Helmut Schmidt: el filósofo pragmático

La mirada clara tras las gafas caídas y el humo de su eterno cigarrillo. Helmut Schmidt siempre supo mirar de frente a quien le interpelaba.

La mirada clara tras las gafas caídas y el humo de su eterno cigarrillo. Helmut Schmidt siempre supo mirar de frente a quien le interpelaba. También lo hizo con la parte de la historia que le tocó protagonizar.

La mayoría le adoraba. En los años cincuenta había sido descrito ya como alguien "por encima de la media", "excepcional" y "superdotado". En los años sesenta sus rivales ideológicos le respetaban como un "agudo pensador", un "filósofo pragmático". Todos admiraban su capacidad de aprendizaje, de percepción, de memoria y de concentración. Decían de él que era muy trabajador, pertinaz, eficiente, exhaustivo, ordenado, con experiencia y bien preparado, casi un workalcohólico. Estos y otros adjertivos llenan las páginas de los artículos y libros escritos sobre su persona.
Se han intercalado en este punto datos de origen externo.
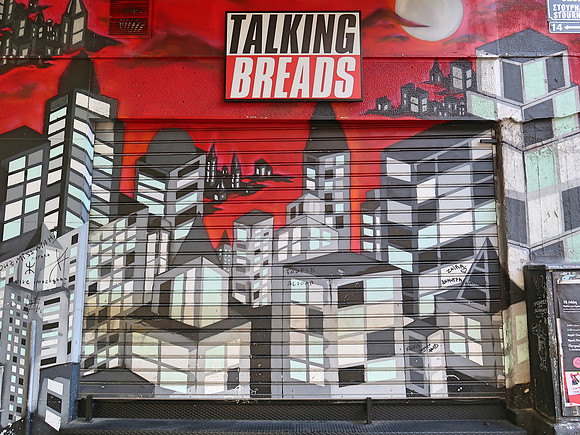 IMG_8087-talking-breads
Sólo los superlativos parecen adecuados para describir al excanciller Schmidt. Tras apenas unos años en la cancillería, se había ganado el elogio de toda la prensa y la televisión germanas. También el de los políticos con que compartió los momentos más duros de su mandato, del propio partido o de la oposición. Supo mejor que nadie manejar el miedo que invadía a los alemanes en 1982, cuando todos creían que una guerra mundial podría ser inminente. Schmidt tomó con inteligencia las riendas de una República Federal presa del pánico ante el holocausto nuclear, y la recondujo hacia la esperanza en la reunificación. Fue su canto del cisne como canciller.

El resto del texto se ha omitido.